INPUT DATA section start
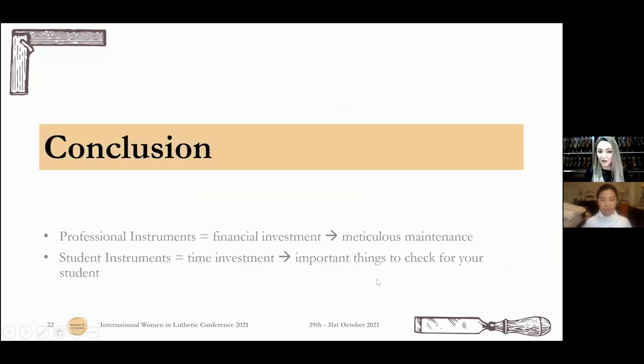So today we talked about what you have to do for your professional instruments because they are your financial investment and you have to take great care of them. But also, if you are a student with a student instrument, it's a huge time investment and students are the future of music. So you have to take great care of many important things, at least, even if they are cheaper instruments.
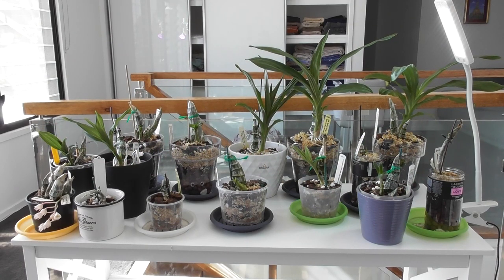Hi everyone, welcome back to my channel. I'm Deanna and you're watching Orki Dee. Today we're going to have a look at my catasetums and do a little update on them. For those of you who may have seen it a couple of months ago, I filmed a video called Project Catasetum where I basically repotted all these guys to get them ready for the growing season. They've all been repotted except for two in the corner — the Clowesia in the corner hasn't been repotted because it's been in flower.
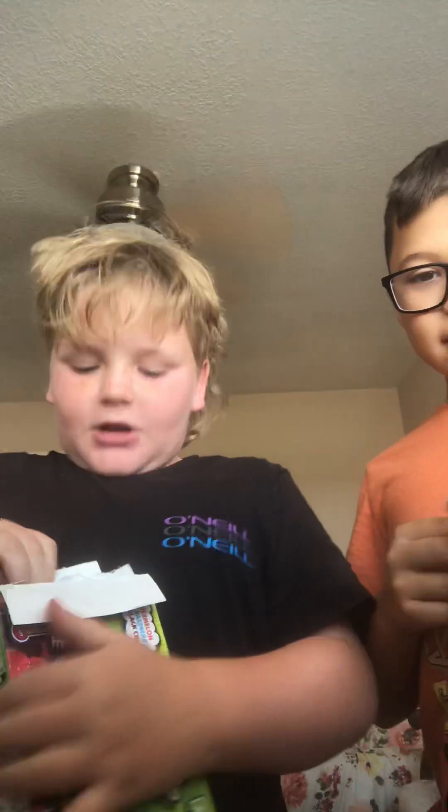Hey guys, this is the last channel. We're with my friend Bryce, we're going to be trying — he's filming too, but I'm just filming on my channel. Get in the video, because you need to do it on your channel. You could do your intro, but so we're going to try these extreme Warhead popsicles.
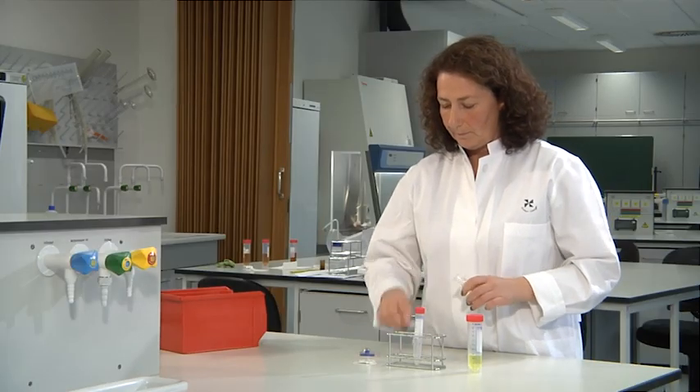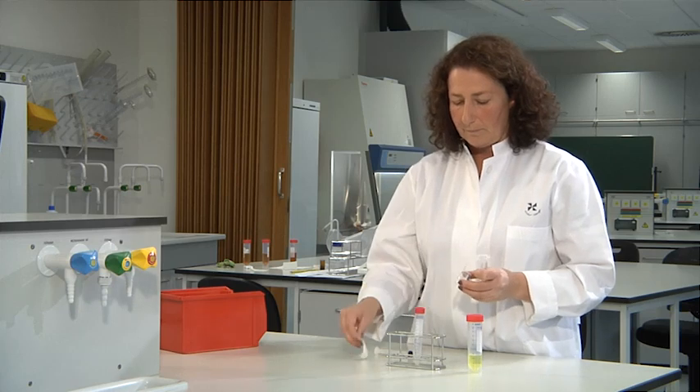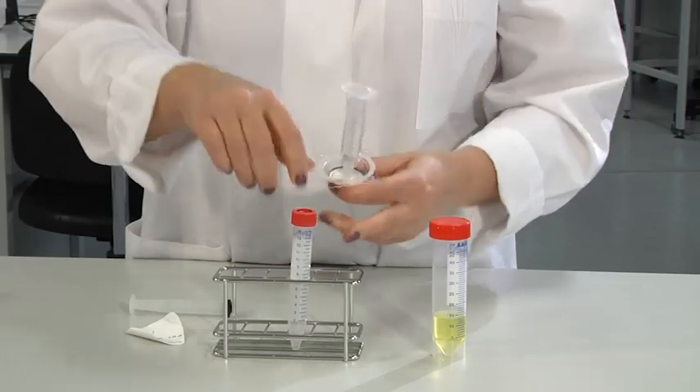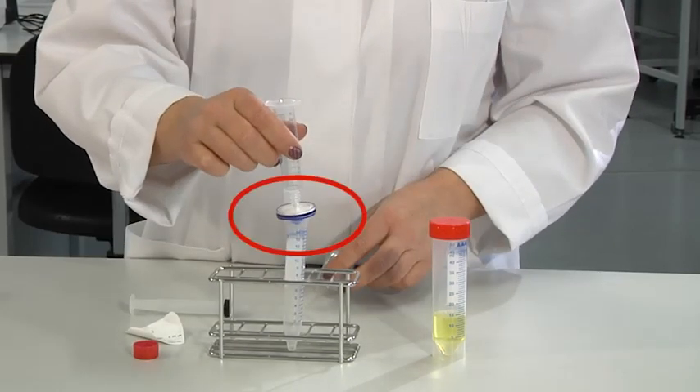Heat labile compounds must be sterile filtered in order to remove microbial contamination. A sterile, single-use, 0.2 micrometer pore filter is connected to a syringe. Be aware that the blue side of the filter should not be contaminated. The syringe does not necessarily need to be sterile.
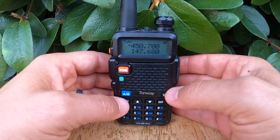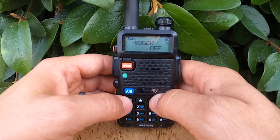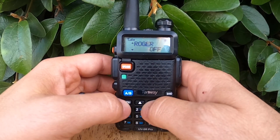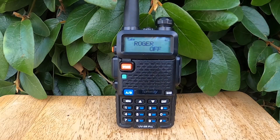Let's do that together now. We'll hit menu 39. I have mine set to off. We'll hit menu again and you can go to on or back to off. I'm gonna hit menu one more time to lock in the off setting and we'll continue.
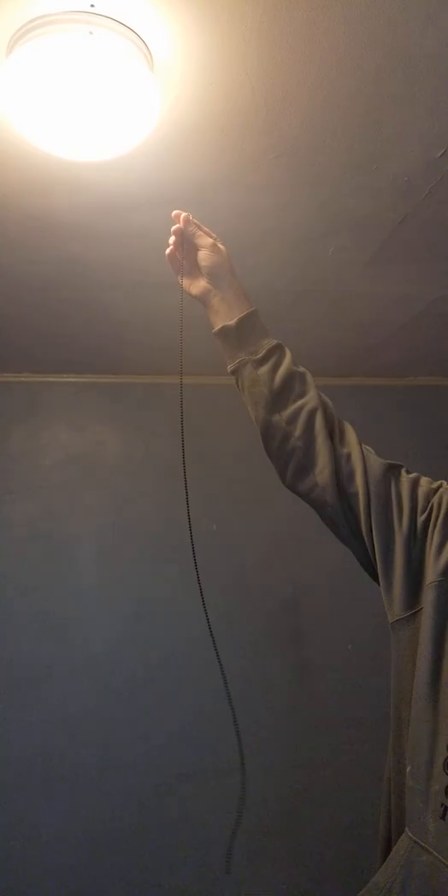Hey guys, Mr. Fix It here. Been a while since I made a video for you guys. I got a pretty old school light here, and I want to show you guys these old pull chain lights. Have you ever pulled on the chain and it popped out and you didn't know what to do, and now you can't turn the light off?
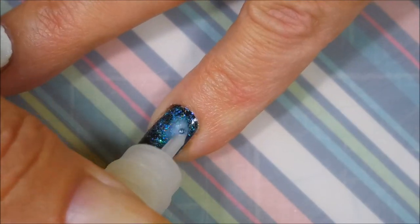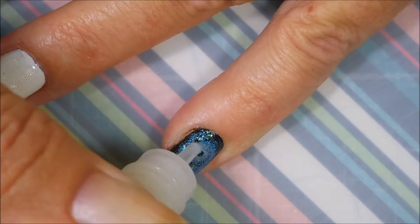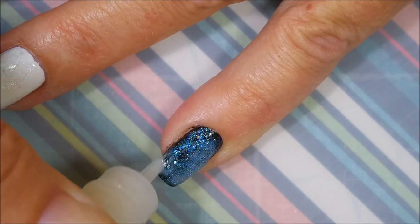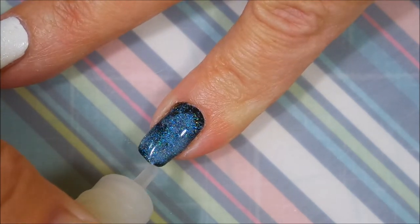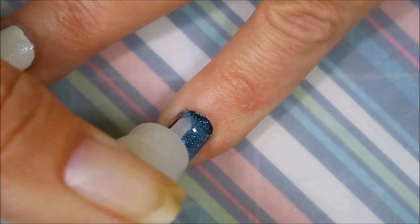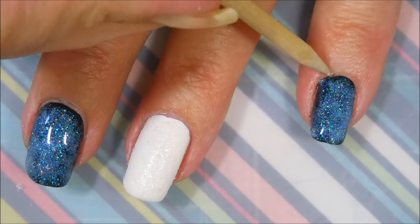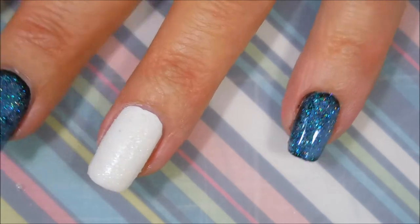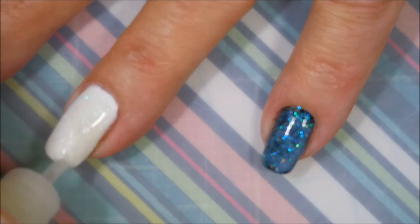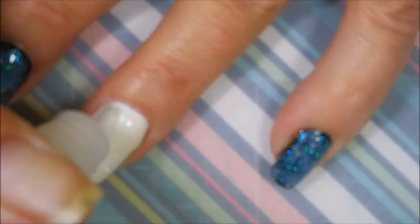I'm going to go in just with the container — not the brush — and just dab and add some to the more sparse looking places. I'm kind of going for a Tina Overboard effect with this one; I really wanted to see it just BAM off my nail. The camera's having trouble — it's getting too glittery and sparkly, which is a good thing for us glittery sparkly lovers.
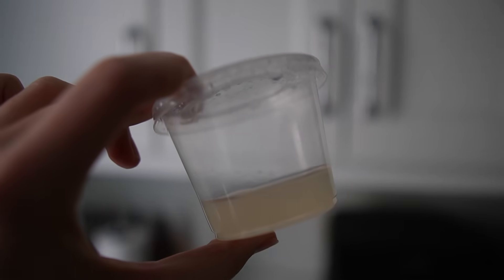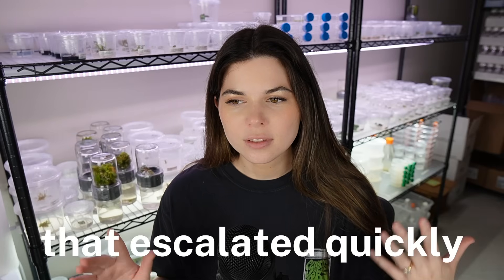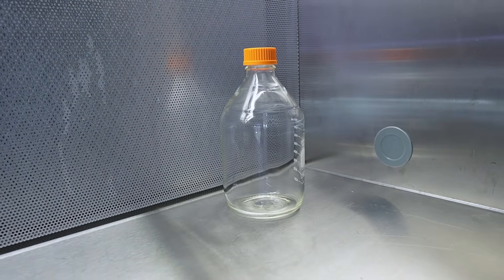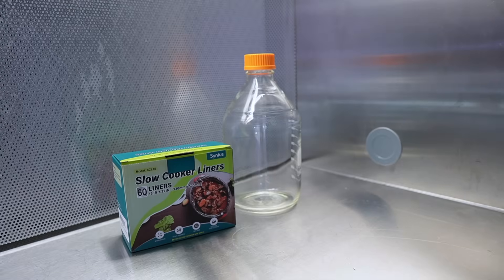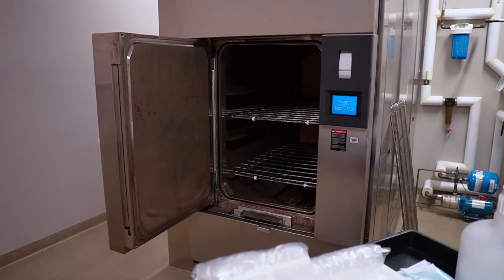That is it for the no-pour method — the method I used for a very long time until I moved into a new laboratory space with access to a larger autoclave. The next method I'm going to show you is a lot more efficient if you're making large quantities — think 3, 4, 5, 10, or 20 liters at once — but it does require a laminar flow hood. In addition to the flow hood, you also need a media bottle or a few, slow cooker bags, containers, autoclave tape, and either a large pressure cooker or an actual autoclave, which is what I'll be using today.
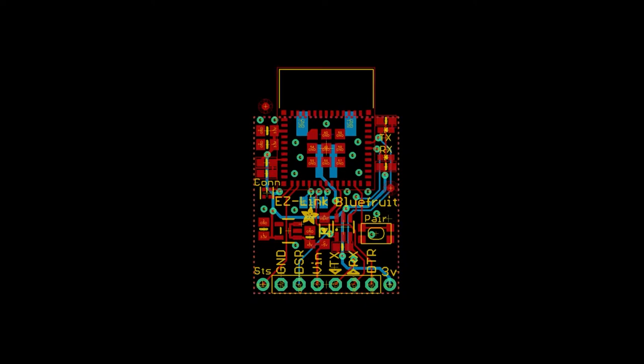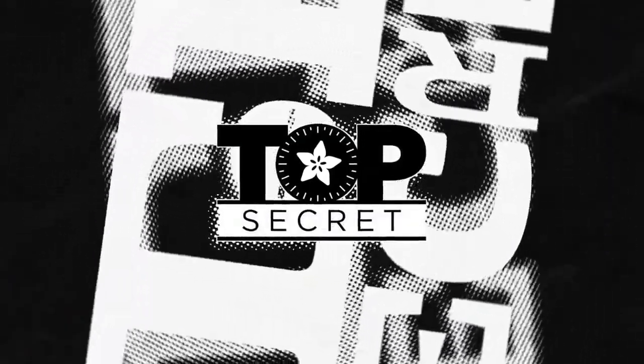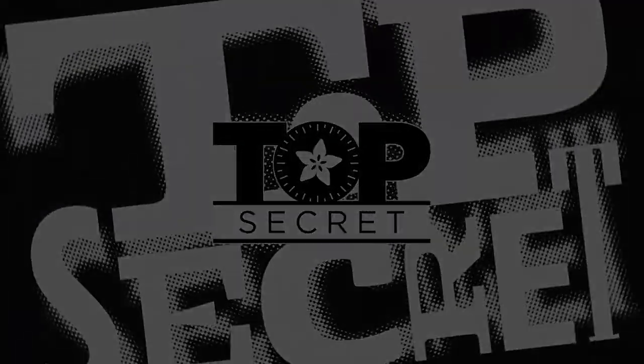And this is the EasyLink that we're going to try bringing back from the dead. All right. That's this week's top secret. All right. Thank you.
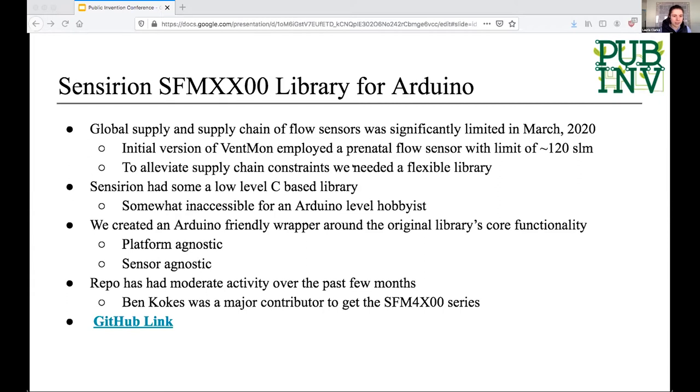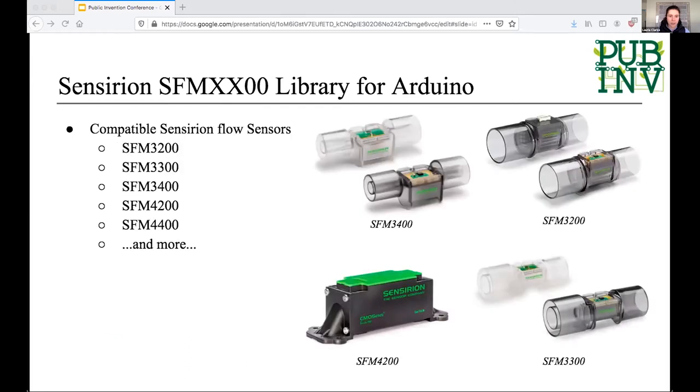There's been some moderate activity in the repo over the past few months. One of the major contributions was from Ben Cokes, who helped us get the 4000 series up and running. Here's a quick shot of all the flow sensors — there are dozens and dozens — so this was a pretty critical component to be made flexible within our design.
INPUT DATA section end
- **EXERCISE DESCRIPTION**:
Working from the records above, reproduce exactly the lines from the one with "And this is" through the last line, without the pictures.

- **RESPONSE AREA**:
And this is the EasyLink that we're going to try bringing back from the dead. All right. That's this week's top secret. All right. Thank you.
There's been some moderate activity in the repo over the past few months. One of the major contributions was from Ben Cokes, who helped us get the 4000 series up and running. Here's a quick shot of all the flow sensors — there are dozens and dozens — so this was a pretty critical component to be made flexible within our design.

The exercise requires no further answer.